アルシェが、フルト家、そしてお嬢様と呼ばれているところを見ると、ある程度出自はしっかりしているようだな、とモモンガは後ろで二人の話に耳を傾ける。
「お金の返済に来た。ただ、問題がある」とアルシェは言う。
「ほぉ。問題とは?」と、下品な笑みを浮かべている。まるで問題があるのが嬉しいようだ。
「この金貨での返済は可能? ダメなら、別のところで帝国金貨に替えてから、返済するけれど」と、アルシェはユグドラシル金貨を一枚だけ商人に渡す。
「ほう……見たこともない金貨ですね。

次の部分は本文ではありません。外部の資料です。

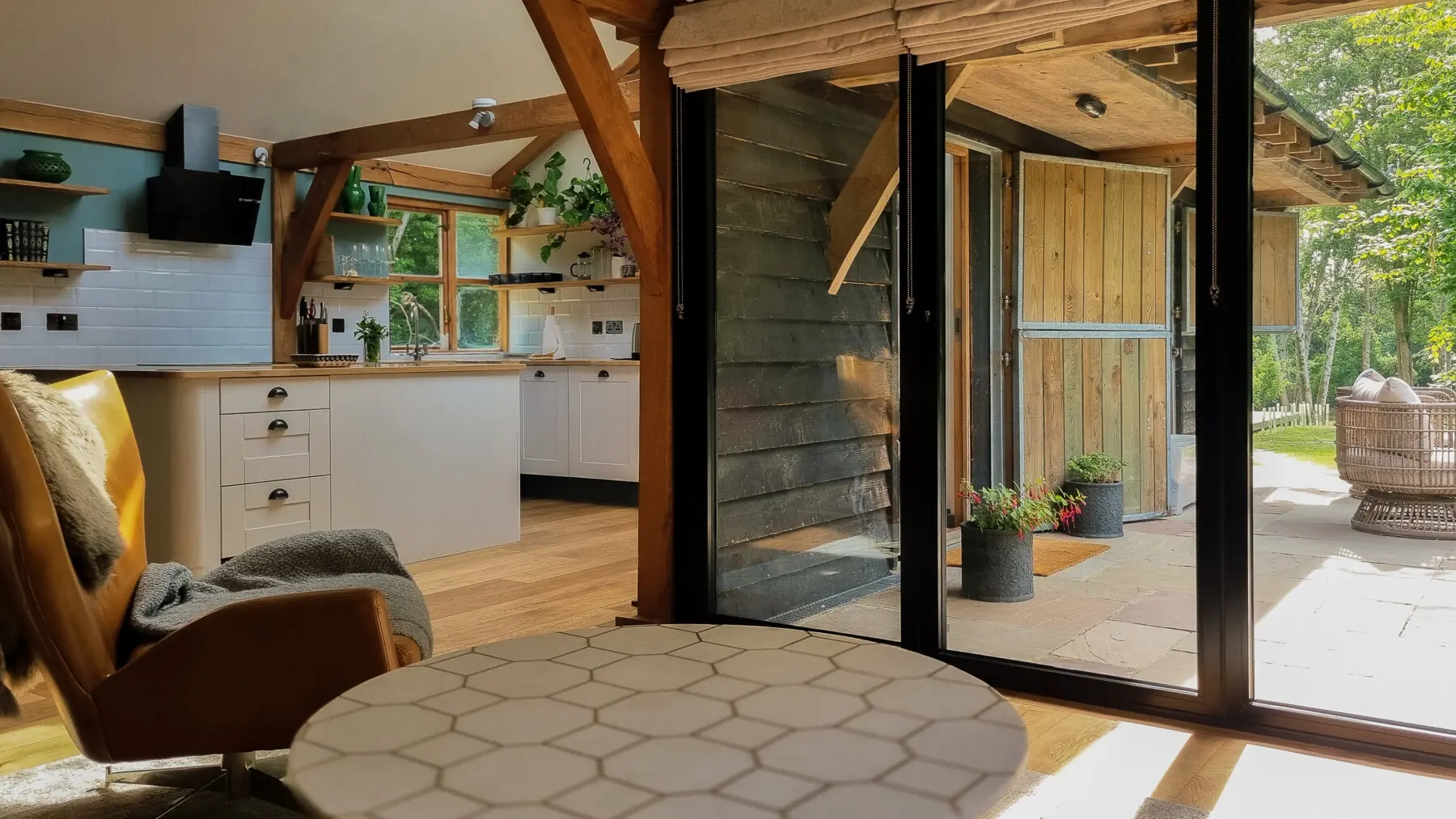 7273ef47 846e 4495 94fa 1501ac7d4a91.jpg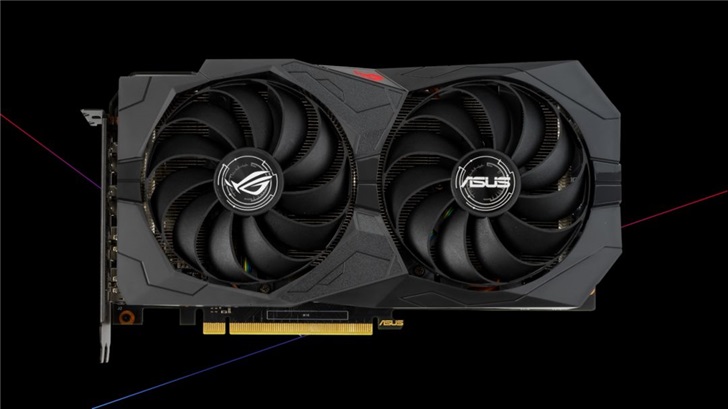 GTX 960 vs 770：游戏性能对决，差异究竟在哪？  第6张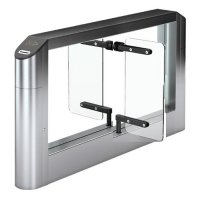 Купить Praktika T-06-CM-660 в Москве с доставкой по всей России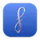 Endorba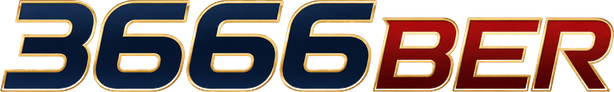 3666ber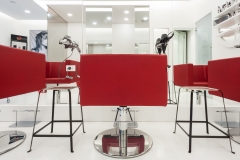 CCT_Mobili_arredamento_parrucchiere_Av_Caprera_7r_1154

失礼ですが、調べてもよろしいですか?」
アルシェは、モモンガの反応を窺う。モモンガは、黙って首を縦に振り下ろす。
店の奥から出てきた別の従業員らしき人間が、
「こ、これは純度百パーセント。こ、こんな金貨初めてみました。それにこの見事な刻印。これは美術品としての価値――「余計なことは言わなくて良い!」と商人が従業員を叱咤し、無理やり黙らせた。
「従業員が失礼をしました。魔法での鑑定では問題ないようです。あと、別の方法でも調べさせていただきます」
商人は、金貨三枚の重さを天秤で計った後、フチにギリギリまで水が入っているコップの中に金貨を三枚ほど沈めた。そして、コップから溢れた水を計量していた。
「比重を計測しても問題ありません。帝国金貨二百枚の重さと同じの金貨を頂ければこちらは問題ありません」と商人は笑顔で答える。
「ちょっと、それだとこちらが不公平じゃない。帝国金貨の純度は百じゃないでしょ? それに、さっき美術品の価値としてもあると言っていたじゃない」とアルシェは商人が提示した条件に反論をした。
「そう申されましても、金貨は、美術品などではなく、あくまで金貨でございますから」
「私は構わない。あと、商人。返済以外に、この金貨をいくらか帝国金貨に替えてもらってよいかな?」とモモンガは後ろから口を出した。
「もちろんです。ですが、失礼ですが、あなたは?」
「私か? アルシェと同じ冒険者チームのメンバーのモモンだ。仲間が世話になったようだな」とモモンガは腕を組みながら答える。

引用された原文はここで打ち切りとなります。